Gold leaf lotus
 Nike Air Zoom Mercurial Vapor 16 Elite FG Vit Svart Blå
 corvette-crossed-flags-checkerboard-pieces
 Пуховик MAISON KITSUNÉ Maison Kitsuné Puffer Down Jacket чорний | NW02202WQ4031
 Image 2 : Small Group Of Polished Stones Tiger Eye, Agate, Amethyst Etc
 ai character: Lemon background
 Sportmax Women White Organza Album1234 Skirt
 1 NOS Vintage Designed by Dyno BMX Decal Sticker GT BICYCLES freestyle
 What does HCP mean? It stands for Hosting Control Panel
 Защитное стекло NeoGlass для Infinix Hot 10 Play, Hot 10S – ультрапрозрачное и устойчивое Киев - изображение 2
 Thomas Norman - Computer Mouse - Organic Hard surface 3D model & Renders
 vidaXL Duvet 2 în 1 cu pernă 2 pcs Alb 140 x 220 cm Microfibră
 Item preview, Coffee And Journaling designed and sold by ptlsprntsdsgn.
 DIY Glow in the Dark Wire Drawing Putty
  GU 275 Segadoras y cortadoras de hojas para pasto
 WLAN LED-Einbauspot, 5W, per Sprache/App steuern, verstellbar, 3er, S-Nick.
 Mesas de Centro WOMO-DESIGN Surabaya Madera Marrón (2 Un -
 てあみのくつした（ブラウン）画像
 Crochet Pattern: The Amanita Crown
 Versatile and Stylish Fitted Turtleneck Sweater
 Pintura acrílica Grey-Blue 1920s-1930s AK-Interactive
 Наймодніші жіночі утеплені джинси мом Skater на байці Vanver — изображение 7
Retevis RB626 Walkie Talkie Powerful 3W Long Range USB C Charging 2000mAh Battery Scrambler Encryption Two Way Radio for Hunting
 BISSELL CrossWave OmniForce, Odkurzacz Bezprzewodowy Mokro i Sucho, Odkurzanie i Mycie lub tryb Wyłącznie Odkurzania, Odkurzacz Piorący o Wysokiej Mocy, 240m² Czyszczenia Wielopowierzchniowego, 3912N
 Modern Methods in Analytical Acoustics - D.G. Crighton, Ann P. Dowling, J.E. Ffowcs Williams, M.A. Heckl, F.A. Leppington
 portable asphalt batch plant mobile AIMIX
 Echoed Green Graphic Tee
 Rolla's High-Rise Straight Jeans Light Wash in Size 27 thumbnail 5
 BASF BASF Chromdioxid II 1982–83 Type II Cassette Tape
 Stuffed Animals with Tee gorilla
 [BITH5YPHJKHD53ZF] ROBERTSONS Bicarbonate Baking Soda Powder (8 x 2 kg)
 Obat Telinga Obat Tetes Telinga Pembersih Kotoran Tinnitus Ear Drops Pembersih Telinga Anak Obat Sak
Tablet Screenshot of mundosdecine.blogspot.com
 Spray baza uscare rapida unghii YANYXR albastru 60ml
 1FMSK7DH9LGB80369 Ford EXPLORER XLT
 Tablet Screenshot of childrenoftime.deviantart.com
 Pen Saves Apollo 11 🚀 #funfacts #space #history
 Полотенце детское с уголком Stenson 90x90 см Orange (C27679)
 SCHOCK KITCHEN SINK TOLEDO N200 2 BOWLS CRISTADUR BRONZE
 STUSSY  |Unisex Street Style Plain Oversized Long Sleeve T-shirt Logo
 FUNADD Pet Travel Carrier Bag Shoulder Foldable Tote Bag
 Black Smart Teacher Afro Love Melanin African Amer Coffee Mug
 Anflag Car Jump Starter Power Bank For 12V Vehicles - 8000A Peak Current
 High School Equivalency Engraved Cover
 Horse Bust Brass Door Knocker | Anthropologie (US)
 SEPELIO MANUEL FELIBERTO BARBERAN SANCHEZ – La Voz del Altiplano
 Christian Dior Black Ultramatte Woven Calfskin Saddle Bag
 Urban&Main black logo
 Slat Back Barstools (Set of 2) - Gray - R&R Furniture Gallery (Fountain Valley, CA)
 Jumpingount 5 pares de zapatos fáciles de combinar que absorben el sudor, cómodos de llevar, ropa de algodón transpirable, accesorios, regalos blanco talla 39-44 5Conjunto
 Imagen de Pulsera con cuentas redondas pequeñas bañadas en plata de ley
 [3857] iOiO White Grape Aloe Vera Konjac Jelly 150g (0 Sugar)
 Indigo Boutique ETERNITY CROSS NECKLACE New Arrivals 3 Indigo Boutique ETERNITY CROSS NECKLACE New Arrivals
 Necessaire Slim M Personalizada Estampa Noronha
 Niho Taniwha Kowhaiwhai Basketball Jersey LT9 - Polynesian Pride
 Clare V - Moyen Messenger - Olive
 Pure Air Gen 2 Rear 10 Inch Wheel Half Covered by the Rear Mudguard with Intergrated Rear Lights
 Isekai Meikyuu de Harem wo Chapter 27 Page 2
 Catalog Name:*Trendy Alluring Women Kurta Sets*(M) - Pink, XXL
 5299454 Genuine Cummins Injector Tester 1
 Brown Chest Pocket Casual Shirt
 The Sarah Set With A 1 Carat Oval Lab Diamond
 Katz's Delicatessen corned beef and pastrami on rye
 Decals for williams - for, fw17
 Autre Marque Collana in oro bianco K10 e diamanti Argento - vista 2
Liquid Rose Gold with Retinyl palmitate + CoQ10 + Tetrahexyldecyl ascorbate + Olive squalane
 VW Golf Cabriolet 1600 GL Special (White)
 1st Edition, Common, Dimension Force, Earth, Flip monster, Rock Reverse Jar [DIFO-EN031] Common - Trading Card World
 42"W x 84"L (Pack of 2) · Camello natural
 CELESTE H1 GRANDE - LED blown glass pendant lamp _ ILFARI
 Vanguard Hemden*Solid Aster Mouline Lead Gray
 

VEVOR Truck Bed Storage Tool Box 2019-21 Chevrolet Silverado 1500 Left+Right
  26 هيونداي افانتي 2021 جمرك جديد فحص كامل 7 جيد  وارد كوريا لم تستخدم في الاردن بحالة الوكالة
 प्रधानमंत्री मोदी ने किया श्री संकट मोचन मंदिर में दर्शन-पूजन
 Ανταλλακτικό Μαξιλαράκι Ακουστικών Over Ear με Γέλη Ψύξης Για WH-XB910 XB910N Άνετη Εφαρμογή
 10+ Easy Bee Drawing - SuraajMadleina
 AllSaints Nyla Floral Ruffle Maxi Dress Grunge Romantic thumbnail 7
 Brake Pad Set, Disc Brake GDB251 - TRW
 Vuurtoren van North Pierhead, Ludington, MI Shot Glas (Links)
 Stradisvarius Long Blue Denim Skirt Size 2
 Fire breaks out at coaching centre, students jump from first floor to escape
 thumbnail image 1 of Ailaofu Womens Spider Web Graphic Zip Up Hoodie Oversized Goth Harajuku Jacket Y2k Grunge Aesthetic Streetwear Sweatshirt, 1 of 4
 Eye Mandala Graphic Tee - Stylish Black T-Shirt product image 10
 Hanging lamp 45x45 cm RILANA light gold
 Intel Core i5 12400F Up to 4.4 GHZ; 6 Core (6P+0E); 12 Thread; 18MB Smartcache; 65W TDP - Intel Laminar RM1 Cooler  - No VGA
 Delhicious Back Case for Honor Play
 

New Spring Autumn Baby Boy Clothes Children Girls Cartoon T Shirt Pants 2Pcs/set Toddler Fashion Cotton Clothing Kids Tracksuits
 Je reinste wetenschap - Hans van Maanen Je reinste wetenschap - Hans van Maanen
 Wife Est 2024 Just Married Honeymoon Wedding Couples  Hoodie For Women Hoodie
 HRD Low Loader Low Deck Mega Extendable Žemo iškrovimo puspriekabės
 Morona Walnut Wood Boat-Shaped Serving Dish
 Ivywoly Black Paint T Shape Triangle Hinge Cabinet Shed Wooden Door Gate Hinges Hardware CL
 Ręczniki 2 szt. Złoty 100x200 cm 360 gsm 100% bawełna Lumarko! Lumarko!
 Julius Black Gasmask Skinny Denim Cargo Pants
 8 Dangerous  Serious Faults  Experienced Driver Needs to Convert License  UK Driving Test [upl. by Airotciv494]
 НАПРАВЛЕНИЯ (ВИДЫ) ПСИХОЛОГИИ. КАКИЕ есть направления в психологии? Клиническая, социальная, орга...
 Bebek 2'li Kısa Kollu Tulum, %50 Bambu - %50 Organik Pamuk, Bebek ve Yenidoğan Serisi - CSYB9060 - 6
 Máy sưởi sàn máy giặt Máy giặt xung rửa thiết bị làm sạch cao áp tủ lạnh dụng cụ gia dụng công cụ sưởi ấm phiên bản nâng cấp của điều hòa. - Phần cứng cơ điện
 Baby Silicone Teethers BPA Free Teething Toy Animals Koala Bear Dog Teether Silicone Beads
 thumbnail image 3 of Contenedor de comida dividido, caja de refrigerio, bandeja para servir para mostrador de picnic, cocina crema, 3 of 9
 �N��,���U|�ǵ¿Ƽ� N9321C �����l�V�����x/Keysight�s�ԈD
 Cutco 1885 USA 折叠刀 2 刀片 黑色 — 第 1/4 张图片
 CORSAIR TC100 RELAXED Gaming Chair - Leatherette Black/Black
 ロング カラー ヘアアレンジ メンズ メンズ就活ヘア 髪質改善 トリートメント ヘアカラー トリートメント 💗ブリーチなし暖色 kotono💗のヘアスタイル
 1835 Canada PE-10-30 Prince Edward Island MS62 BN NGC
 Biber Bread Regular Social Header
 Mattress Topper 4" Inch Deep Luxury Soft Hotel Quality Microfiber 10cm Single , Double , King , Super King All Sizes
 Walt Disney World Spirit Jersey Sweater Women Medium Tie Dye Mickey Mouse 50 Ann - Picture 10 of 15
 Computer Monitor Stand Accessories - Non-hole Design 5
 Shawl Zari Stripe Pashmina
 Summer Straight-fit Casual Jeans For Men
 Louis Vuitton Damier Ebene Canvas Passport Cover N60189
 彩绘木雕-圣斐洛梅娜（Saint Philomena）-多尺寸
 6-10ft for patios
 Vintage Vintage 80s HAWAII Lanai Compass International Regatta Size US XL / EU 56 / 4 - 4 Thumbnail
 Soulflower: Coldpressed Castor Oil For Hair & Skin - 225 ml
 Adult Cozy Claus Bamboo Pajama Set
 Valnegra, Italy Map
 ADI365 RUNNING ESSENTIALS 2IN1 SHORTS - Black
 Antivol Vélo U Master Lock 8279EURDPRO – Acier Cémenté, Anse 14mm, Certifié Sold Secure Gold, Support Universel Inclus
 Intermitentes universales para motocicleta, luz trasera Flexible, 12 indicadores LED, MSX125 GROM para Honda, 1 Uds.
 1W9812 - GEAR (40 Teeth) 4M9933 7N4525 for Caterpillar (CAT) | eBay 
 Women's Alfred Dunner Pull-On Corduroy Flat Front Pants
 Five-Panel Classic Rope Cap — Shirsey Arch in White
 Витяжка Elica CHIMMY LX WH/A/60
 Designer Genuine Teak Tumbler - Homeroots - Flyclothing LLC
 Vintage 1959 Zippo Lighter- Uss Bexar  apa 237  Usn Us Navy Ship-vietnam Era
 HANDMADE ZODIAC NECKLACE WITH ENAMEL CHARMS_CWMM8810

────────────────────────────────────────

Find the lines in the data that hold the word "White". Reply with how many there are and nothing more.

→ **Solution to the exercise**: 4